Reputation: 3797
With Java I can write tests against an embedded elasticsearch node, this gives me loads of testing possibilities such as testing index config and tokenizers however more importantly I can test my search services with functional, easy to read and effective tests, no mocking of the client and dealing with query builders and responses in my tests etc. How can I do this in .NET?
Upvotes: 4
Views: 3309
Reputation: 2221
This is actually actually quite easily achievable.
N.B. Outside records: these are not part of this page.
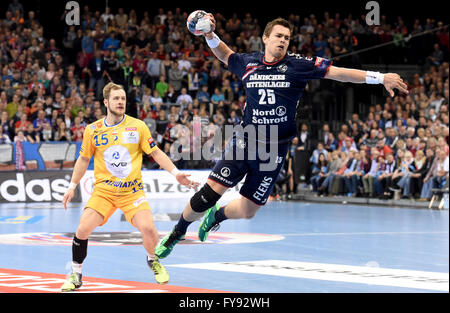 Flensburg, Allemagne. Apr 23, 2016. De Flensburg Rasmus Lauge (r) et Kielce's Mateusz Jachlewski en action lors de la Ligue des champions de handball premier quart de finale match aller entre SG Flensburg-Handewitt et KS Vive Kielce à Flens-Arena à Flensburg, Allemagne, 23 avril 2016. PHOTO : CARSTEN REHDER/dpa/Alamy Live News Banque D'Images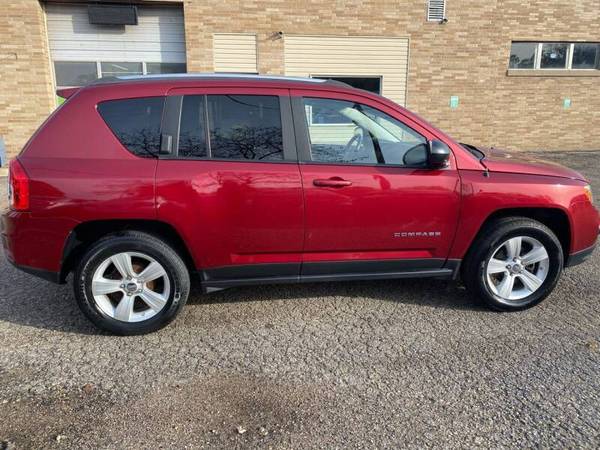 2013 Jeep Compass Latitude - - by dealer - vehicle for sale in Beloit, WI – photo 4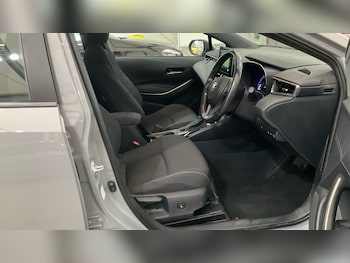 Used Toyota Corolla 2020 for sale - 76223995: Photo 2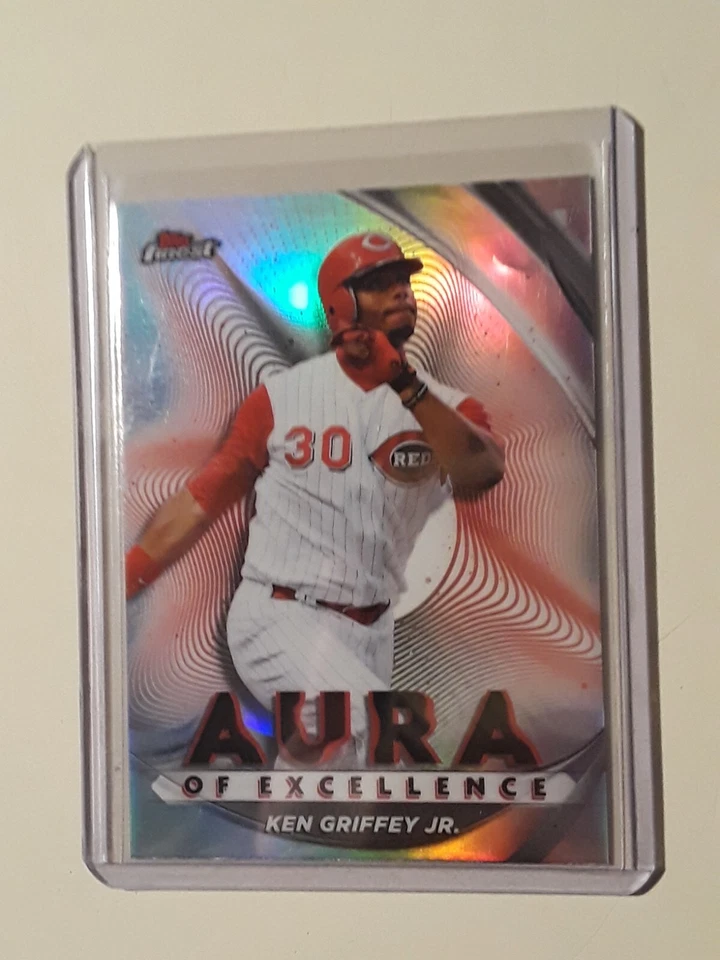 2022 TOPPS FINEST AURA KEN GRIFFEY JR REFRACTOR-MARINER & RED HOFER-#AE-KG - Image 1 of 1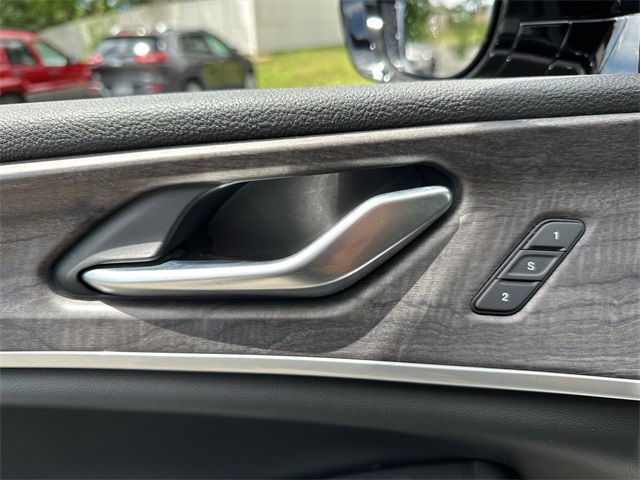 2023 Jeep Cherokee Base photo 31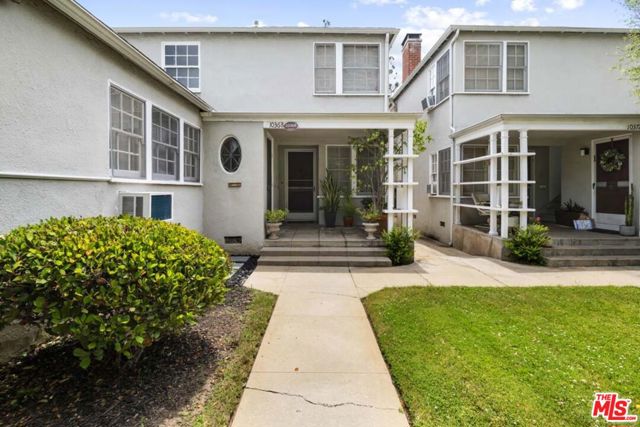 10366 Ashton Avenue, Los Angeles CA: https://media.crmls.org/mediaz/4183d799-1f87-4c8f-abd3-e787a4eddfb1.jpg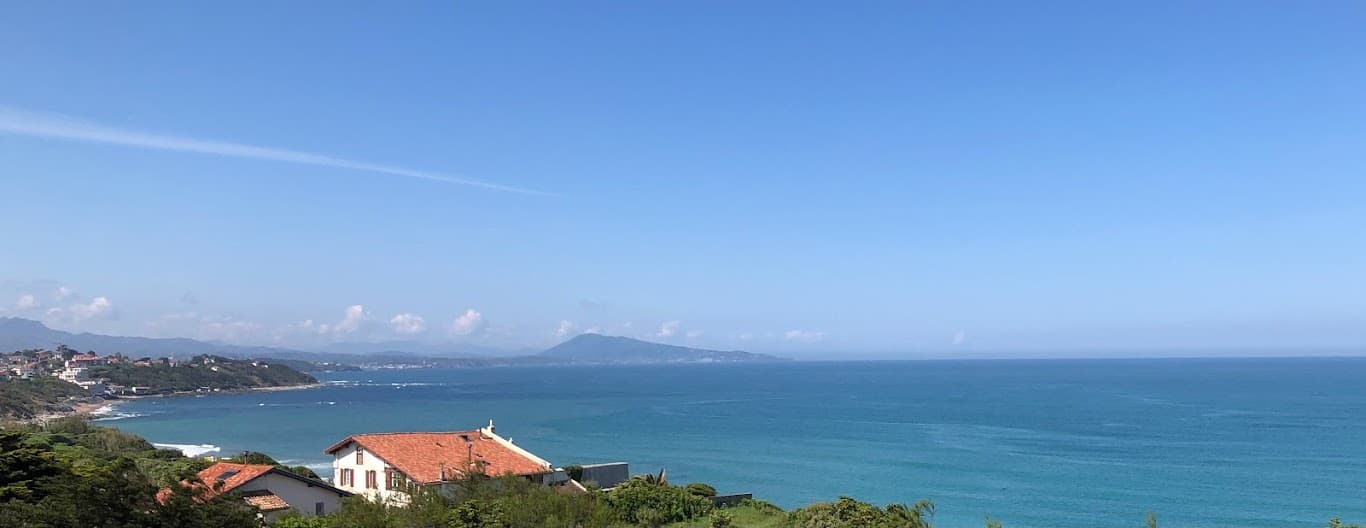 Vue panoramique du balcon sur mer exposé sud ouest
Please take a look at the ElasticSearch-Inside project on Github.
Essentially, this allows you to start ElasticSearch from within your integration/unit tests. This is achieved through the fact that both the Java runtime and ElasticSearch is embedded within the library's dll.
Instructions for installing the nuget package and using it within your unit tests are on the project's github page.
Upvotes: 3
Reputation: 13536
You can't run in embedded mode with .NET you will have to speak with an elasticsearch server somewhere.
Using nest you can easily talk to a different index specifically for testing i.e
var uri = new Uri("http://localhost:9200");
var connectionSettings = new ConnectionSettings(uri, "my-test-index");
var client = new ElasticClient(connectionSettings);
my-test-index
will now be used as index for every call which doesn't explicitly specify one. Depending on how invasive your tests are you could even create an index suffixed with a guid and delete the index after every test run.